### TASK BRIEF
With the line containing "Red boxing gloves" as the start and the line containing "Hill's Prescription Diet" as the end, transcribe that span of the entries below exactly, including both.

** Opening INPUT MATERIAL block **

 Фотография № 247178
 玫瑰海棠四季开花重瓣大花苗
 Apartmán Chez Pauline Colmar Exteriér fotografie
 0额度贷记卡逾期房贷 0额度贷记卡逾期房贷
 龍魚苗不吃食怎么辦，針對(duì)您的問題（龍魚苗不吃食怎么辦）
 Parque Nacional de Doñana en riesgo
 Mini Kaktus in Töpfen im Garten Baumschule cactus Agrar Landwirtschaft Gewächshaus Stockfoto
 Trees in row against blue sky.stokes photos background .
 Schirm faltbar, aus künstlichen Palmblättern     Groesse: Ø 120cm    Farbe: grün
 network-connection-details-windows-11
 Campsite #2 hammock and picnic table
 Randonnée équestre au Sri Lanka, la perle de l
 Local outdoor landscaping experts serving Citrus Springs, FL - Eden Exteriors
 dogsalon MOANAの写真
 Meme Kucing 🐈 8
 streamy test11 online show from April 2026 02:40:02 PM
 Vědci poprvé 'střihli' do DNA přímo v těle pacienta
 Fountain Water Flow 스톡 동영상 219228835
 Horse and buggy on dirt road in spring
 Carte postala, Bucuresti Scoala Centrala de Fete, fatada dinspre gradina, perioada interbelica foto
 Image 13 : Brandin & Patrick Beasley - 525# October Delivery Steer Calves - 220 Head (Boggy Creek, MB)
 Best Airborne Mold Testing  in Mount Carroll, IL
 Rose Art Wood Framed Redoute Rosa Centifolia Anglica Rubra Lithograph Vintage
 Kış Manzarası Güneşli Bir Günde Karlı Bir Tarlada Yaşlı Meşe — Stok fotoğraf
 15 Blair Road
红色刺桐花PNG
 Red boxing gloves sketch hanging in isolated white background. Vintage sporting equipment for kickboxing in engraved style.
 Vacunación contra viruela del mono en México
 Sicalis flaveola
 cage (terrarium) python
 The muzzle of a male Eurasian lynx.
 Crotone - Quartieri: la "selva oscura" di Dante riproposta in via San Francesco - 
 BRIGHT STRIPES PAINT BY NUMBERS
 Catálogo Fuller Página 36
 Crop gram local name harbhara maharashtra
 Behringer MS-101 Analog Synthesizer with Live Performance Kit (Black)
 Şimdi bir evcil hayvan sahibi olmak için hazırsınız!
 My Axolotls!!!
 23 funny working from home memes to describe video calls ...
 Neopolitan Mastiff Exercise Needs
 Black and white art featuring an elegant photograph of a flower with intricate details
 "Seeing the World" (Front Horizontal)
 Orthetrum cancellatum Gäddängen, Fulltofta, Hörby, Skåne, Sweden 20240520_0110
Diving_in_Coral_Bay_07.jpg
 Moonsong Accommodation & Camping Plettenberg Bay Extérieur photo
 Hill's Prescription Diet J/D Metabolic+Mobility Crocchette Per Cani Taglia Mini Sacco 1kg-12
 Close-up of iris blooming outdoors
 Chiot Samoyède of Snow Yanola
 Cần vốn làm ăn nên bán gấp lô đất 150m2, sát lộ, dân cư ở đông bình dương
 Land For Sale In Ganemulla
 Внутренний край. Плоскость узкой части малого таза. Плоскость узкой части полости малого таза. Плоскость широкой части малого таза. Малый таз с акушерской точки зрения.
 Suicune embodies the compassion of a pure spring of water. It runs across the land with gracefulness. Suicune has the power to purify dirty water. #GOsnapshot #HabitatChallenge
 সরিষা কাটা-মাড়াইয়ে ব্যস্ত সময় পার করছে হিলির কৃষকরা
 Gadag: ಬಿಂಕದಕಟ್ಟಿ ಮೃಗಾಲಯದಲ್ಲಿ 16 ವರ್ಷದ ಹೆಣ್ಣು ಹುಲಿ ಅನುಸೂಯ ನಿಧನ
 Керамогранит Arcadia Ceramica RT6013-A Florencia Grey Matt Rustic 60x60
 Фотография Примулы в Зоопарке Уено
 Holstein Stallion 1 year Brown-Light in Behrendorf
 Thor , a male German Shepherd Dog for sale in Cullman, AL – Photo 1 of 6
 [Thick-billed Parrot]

** Closing INPUT MATERIAL block **

### SOLUTION FOR THIS EXERCISE
 Red boxing gloves sketch hanging in isolated white background. Vintage sporting equipment for kickboxing in engraved style.
 Vacunación contra viruela del mono en México
 Sicalis flaveola
 cage (terrarium) python
 The muzzle of a male Eurasian lynx.
 Crotone - Quartieri: la "selva oscura" di Dante riproposta in via San Francesco - 
 BRIGHT STRIPES PAINT BY NUMBERS
 Catálogo Fuller Página 36
 Crop gram local name harbhara maharashtra
 Behringer MS-101 Analog Synthesizer with Live Performance Kit (Black)
 Şimdi bir evcil hayvan sahibi olmak için hazırsınız!
 My Axolotls!!!
 23 funny working from home memes to describe video calls ...
 Neopolitan Mastiff Exercise Needs
 Black and white art featuring an elegant photograph of a flower with intricate details
 "Seeing the World" (Front Horizontal)
 Orthetrum cancellatum Gäddängen, Fulltofta, Hörby, Skåne, Sweden 20240520_0110
Diving_in_Coral_Bay_07.jpg
 Moonsong Accommodation & Camping Plettenberg Bay Extérieur photo
 Hill's Prescription Diet J/D Metabolic+Mobility Crocchette Per Cani Taglia Mini Sacco 1kg-12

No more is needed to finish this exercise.